Stored data
>>

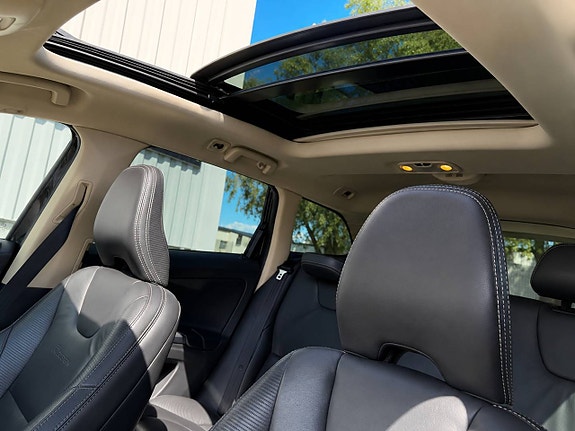 Volvo XC60 8 of 13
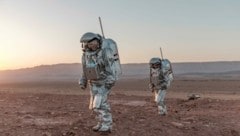 Zwei Analog- Astronautinnen üben einen Spaziergang am Mars in einer Wüste. (Bild: Florian Voggeneder)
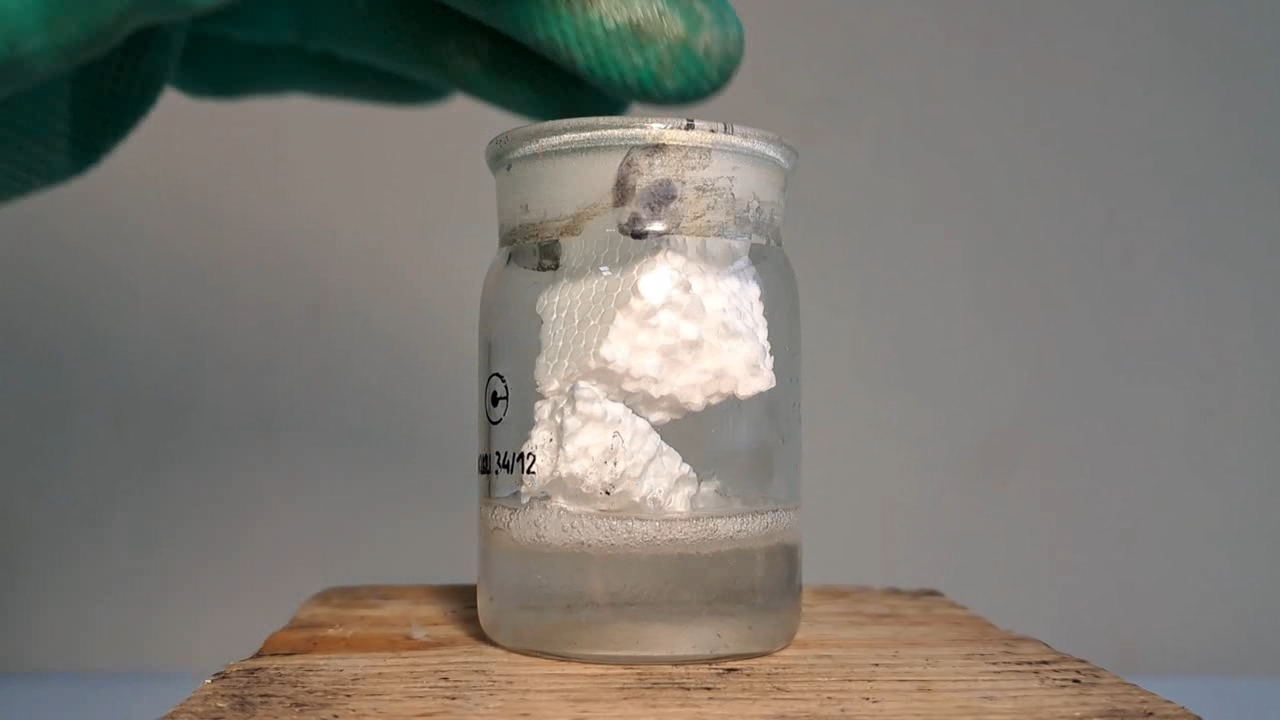 Dissolving Expanded Polystyrene in Tetrahydrofuran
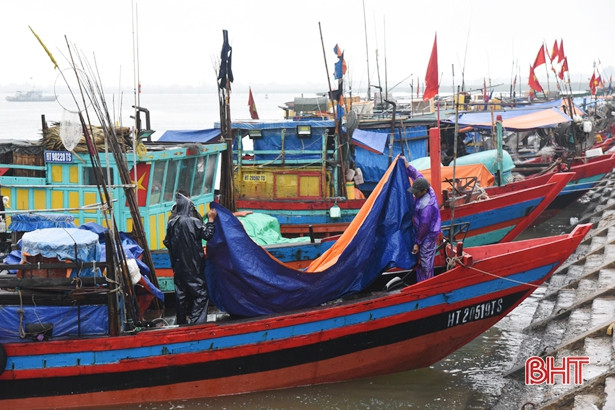 331 tàu, thuyền đã vào tránh trú bão số 9 ở Lộc Hà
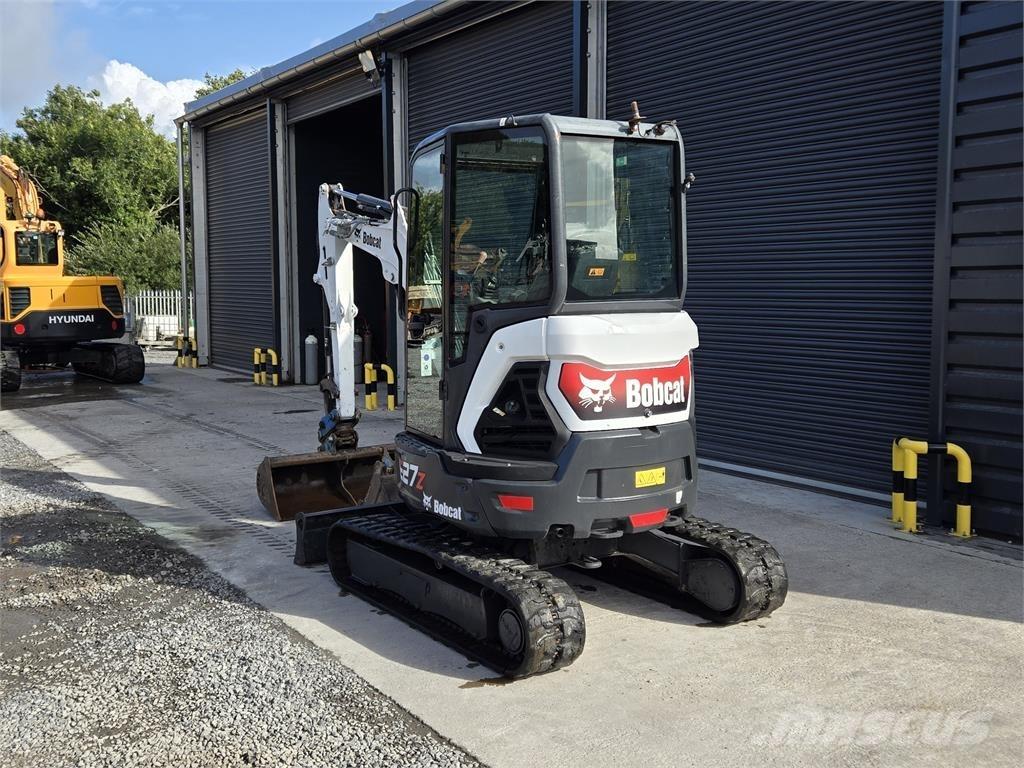 Bobcat E27 Miniescavadeiras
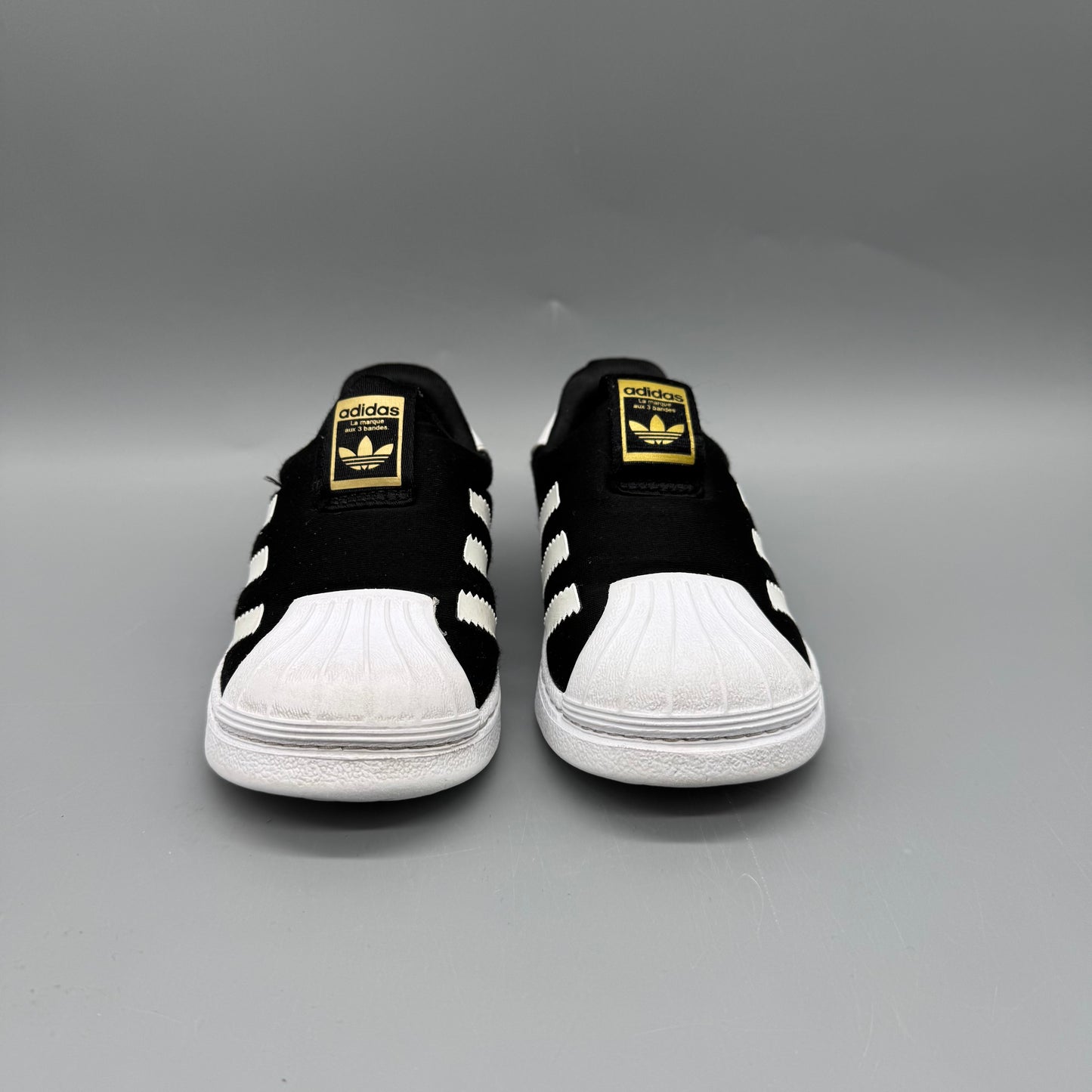 Adidas / Superstar / Running Shoes / US6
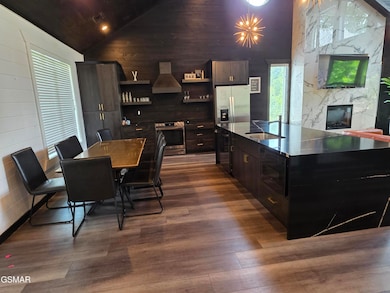 Kitchen Dining View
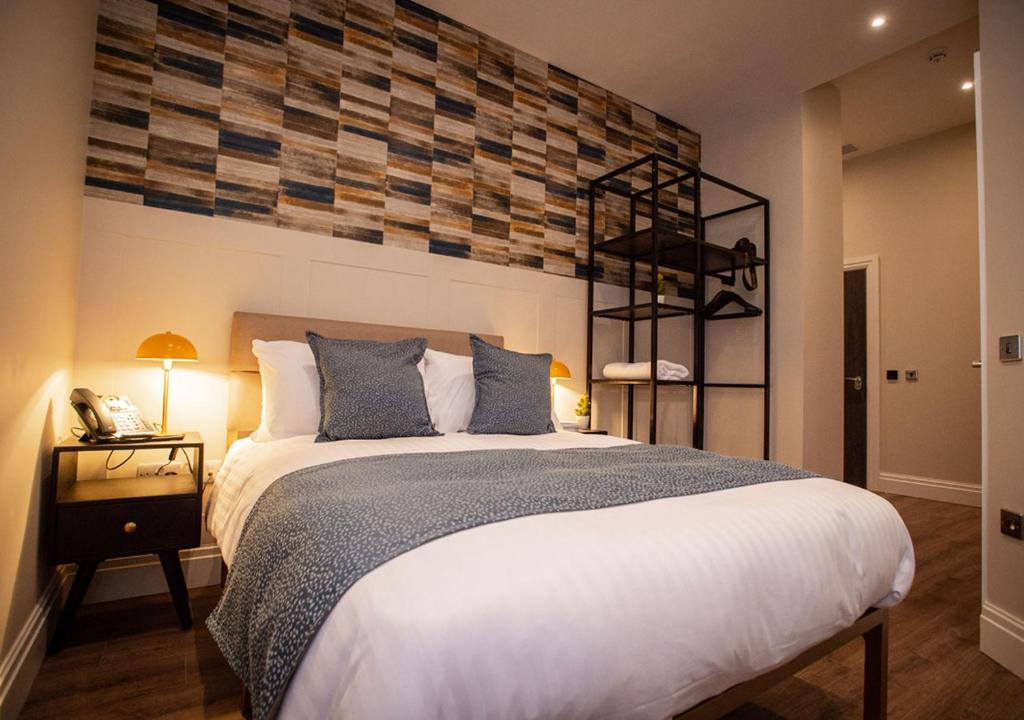 Postel nebo postele na pokoji v ubytování The Gresham Aparthotel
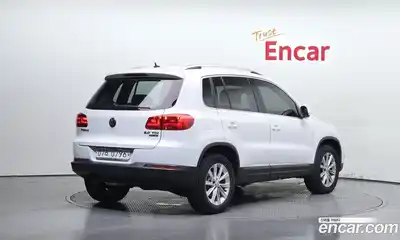Volkswagen Tiguan 2015 2.0 автомат (гидро), миниатюра 2
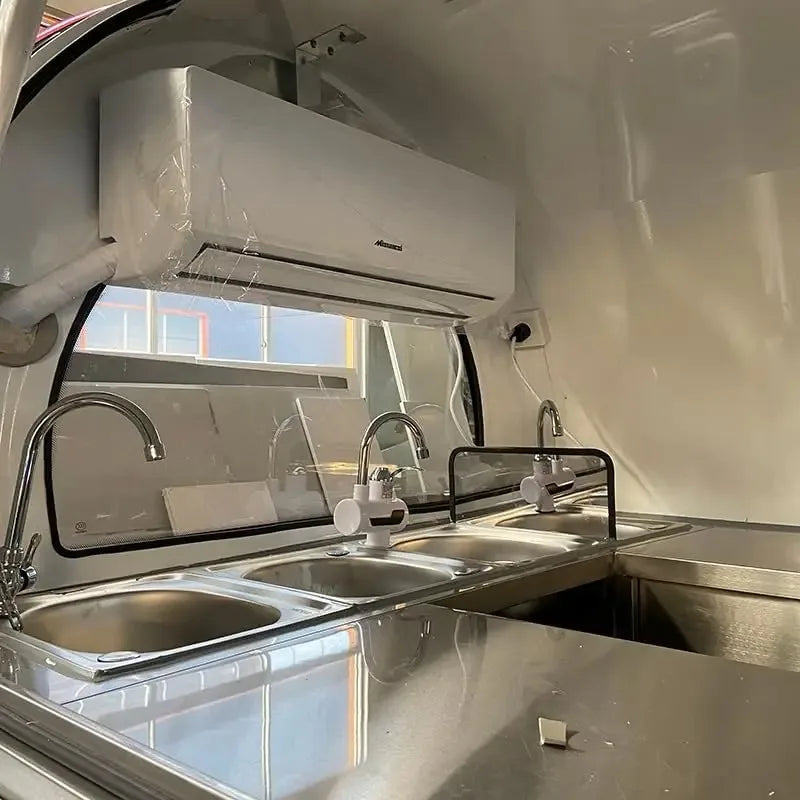 Mobile Food Truck Trailer Customized Mobile Food Truck Trailer Customized Trailer Street Food Cart Mobile Kitchen for Business OEM/ODM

<<

| AIM OF THE TASK |
Your reply should hold only the lines from the one that contains "Bobcat E27 Miniescavadeiras" through the last line of the records above, exact and complete, and no pictures.

| TASK OUTPUT |
 Bobcat E27 Miniescavadeiras
 Adidas / Superstar / Running Shoes / US6
 Kitchen Dining View
 Postel nebo postele na pokoji v ubytování The Gresham Aparthotel
Volkswagen Tiguan 2015 2.0 автомат (гидро), миниатюра 2
 Mobile Food Truck Trailer Customized Mobile Food Truck Trailer Customized Trailer Street Food Cart Mobile Kitchen for Business OEM/ODM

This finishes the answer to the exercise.